4. Such kind of illegal moonlighting may enlarge the risks of ransom attacks for hospital, schools, public welfare data etc.
5.  Companies or stakeholders who are engaged in the outsourced work of data collection, processing may also have to face legal action for not providing proper security to the confidential data. In such cases these cases may be held primarily liable as the burden of proof for innocence and strict diligence complied with may fall on the companies.

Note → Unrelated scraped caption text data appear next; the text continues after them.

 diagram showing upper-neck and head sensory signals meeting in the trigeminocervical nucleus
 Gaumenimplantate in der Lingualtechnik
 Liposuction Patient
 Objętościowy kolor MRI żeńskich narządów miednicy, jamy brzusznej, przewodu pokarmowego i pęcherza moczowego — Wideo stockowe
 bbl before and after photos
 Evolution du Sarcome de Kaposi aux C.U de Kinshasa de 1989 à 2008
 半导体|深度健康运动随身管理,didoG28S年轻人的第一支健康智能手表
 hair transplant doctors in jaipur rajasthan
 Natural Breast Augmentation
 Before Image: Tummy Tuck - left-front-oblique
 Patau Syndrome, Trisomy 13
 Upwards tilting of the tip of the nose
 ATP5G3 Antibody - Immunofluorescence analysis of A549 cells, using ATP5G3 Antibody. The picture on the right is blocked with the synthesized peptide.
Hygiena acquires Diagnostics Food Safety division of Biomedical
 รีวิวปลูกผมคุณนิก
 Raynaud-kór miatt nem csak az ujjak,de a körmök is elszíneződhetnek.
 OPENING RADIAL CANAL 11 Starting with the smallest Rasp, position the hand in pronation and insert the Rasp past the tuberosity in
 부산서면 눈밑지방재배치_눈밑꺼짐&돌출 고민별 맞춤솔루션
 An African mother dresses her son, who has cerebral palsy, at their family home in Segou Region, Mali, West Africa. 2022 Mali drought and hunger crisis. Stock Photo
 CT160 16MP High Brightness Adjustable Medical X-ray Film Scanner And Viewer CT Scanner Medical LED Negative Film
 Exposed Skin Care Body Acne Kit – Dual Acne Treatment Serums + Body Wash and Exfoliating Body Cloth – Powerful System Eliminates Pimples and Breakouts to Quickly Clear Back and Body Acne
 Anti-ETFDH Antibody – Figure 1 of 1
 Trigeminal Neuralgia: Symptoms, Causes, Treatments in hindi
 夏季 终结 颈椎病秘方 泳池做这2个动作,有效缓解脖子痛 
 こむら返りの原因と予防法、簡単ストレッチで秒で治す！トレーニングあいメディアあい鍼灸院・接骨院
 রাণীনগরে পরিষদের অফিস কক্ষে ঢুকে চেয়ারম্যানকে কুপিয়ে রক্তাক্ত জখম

What is the way out then? EU General Data Protection Regulation has emphasised on the issue of privacy, security and consent for data collection, data processing, data archiving etc. Even though EUGDPR does not mention about moonlighting with confidential data as an offensive behaviour, it however focuses on right to privacy, data collection and processing rules etc.  We also have to look into several international conventions including the 2001 Budapest cybercrime conventions which throws light on content related online crimes, intellectual property rights related crimes and online child abuse related issues. All these prohibit data theft and unethical profit gain from misuse of data. Moonlighting with public, personal and sensitive confidential personal data falls off from the line of ethical moonlighting on the basis of skills of the job seeker/employee and thereby it becomes a punishable offence. But we must note that moonlighting with data involving children can be extremely dangerous because immediate harm to children may not be repaired by restorative and reparative justice quickly. But there is still a silver lining behind the vicious cloud of malicious data and activities. Companies and body corporates who primarily deal with public and personal data of general individuals can strengthen their data protection mechanism by applying stricter surveillance on the access on the said data, purpose of access to such data and mapping footprints of the usage of such data. They may also apply stricter policies against moonlighting especially against those employees who may directly deal with confidential data. Further, punishment for such kinds of moonlighting may not be restricted to termination and other penal actions by the primary companies alone. Such employee must also be made liable for breaching the data confidentiality of the children and he must be made to cooperate with the criminal justice machinery to track the data, pull down the data from vicious domains and also should be responsible for payment of compensation. Above all, courts must also consider banning them from using multiple profiles and they must be put under surveillance for their usage of information and communication technology.